Repeat the stretch of entries below from the line with "Starship also leverages" through the line with "Hi everyone, I'm". Include both ends and add nothing.
"""
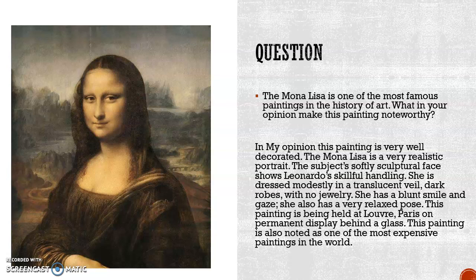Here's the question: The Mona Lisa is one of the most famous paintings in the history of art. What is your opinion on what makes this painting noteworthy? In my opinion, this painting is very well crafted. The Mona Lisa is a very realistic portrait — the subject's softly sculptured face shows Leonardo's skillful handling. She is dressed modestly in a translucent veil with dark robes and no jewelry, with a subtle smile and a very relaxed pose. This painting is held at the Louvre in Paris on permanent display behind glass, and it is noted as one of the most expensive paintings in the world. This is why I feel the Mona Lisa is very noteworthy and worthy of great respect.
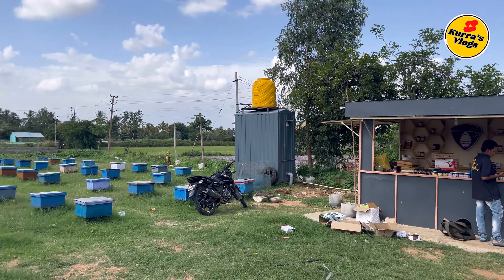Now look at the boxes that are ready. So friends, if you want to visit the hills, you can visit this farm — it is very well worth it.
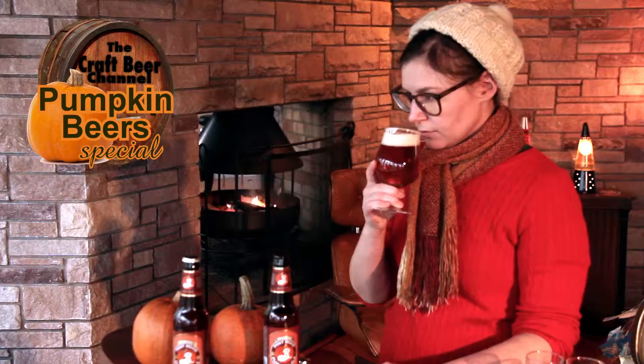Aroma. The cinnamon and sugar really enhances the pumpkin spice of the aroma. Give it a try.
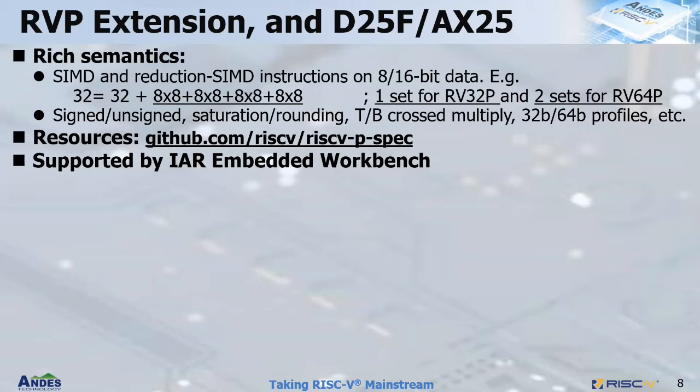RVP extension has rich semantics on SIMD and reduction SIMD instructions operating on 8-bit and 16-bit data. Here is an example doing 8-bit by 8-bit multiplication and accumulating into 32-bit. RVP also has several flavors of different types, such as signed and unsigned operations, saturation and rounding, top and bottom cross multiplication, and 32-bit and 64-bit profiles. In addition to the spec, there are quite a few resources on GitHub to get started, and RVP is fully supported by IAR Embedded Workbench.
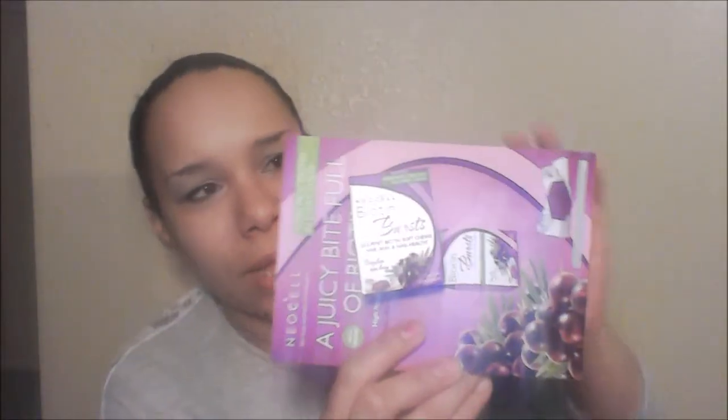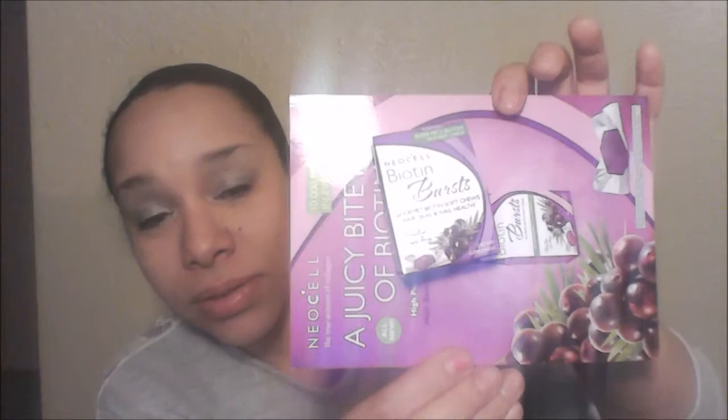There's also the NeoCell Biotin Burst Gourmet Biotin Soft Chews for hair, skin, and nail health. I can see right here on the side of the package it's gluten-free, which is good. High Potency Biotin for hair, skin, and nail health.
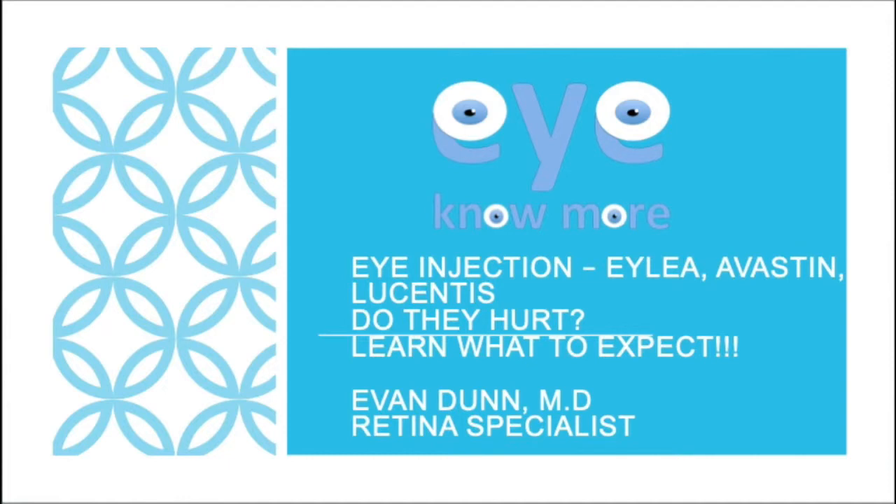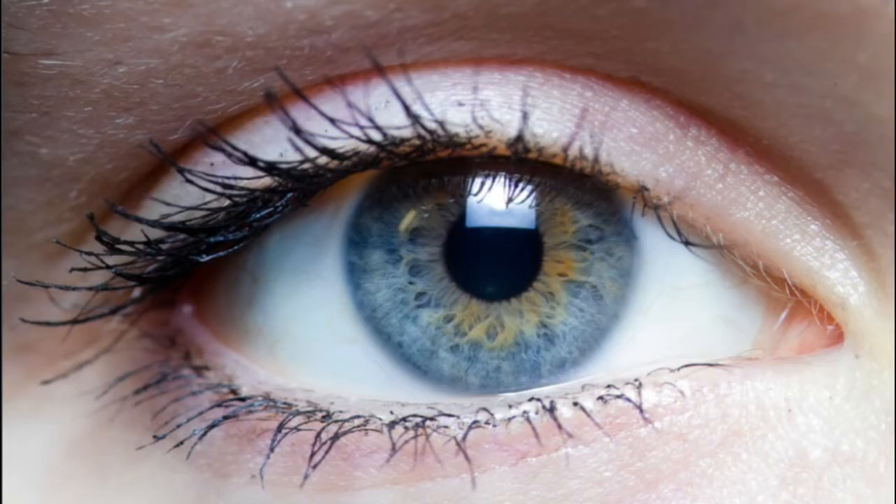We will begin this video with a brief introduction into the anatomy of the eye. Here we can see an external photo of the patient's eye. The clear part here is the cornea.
"""
"""
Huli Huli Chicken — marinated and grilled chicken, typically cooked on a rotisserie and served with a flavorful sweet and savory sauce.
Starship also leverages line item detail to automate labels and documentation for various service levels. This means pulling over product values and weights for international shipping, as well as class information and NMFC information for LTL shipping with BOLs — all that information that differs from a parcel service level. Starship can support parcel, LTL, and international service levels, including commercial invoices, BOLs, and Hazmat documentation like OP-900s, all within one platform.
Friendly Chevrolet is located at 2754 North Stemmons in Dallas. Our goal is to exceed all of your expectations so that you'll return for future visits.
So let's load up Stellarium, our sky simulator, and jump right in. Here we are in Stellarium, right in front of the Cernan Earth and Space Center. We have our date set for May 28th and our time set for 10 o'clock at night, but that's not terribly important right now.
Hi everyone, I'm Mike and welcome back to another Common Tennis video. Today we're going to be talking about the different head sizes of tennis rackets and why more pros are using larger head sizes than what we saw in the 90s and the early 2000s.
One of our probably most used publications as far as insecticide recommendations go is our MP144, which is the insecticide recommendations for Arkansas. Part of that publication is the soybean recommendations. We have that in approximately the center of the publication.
"""
» **Reply to the exercise**:
Starship also leverages line item detail to automate labels and documentation for various service levels. This means pulling over product values and weights for international shipping, as well as class information and NMFC information for LTL shipping with BOLs — all that information that differs from a parcel service level. Starship can support parcel, LTL, and international service levels, including commercial invoices, BOLs, and Hazmat documentation like OP-900s, all within one platform.
Friendly Chevrolet is located at 2754 North Stemmons in Dallas. Our goal is to exceed all of your expectations so that you'll return for future visits.
So let's load up Stellarium, our sky simulator, and jump right in. Here we are in Stellarium, right in front of the Cernan Earth and Space Center. We have our date set for May 28th and our time set for 10 o'clock at night, but that's not terribly important right now.
Hi everyone, I'm Mike and welcome back to another Common Tennis video. Today we're going to be talking about the different head sizes of tennis rackets and why more pros are using larger head sizes than what we saw in the 90s and the early 2000s.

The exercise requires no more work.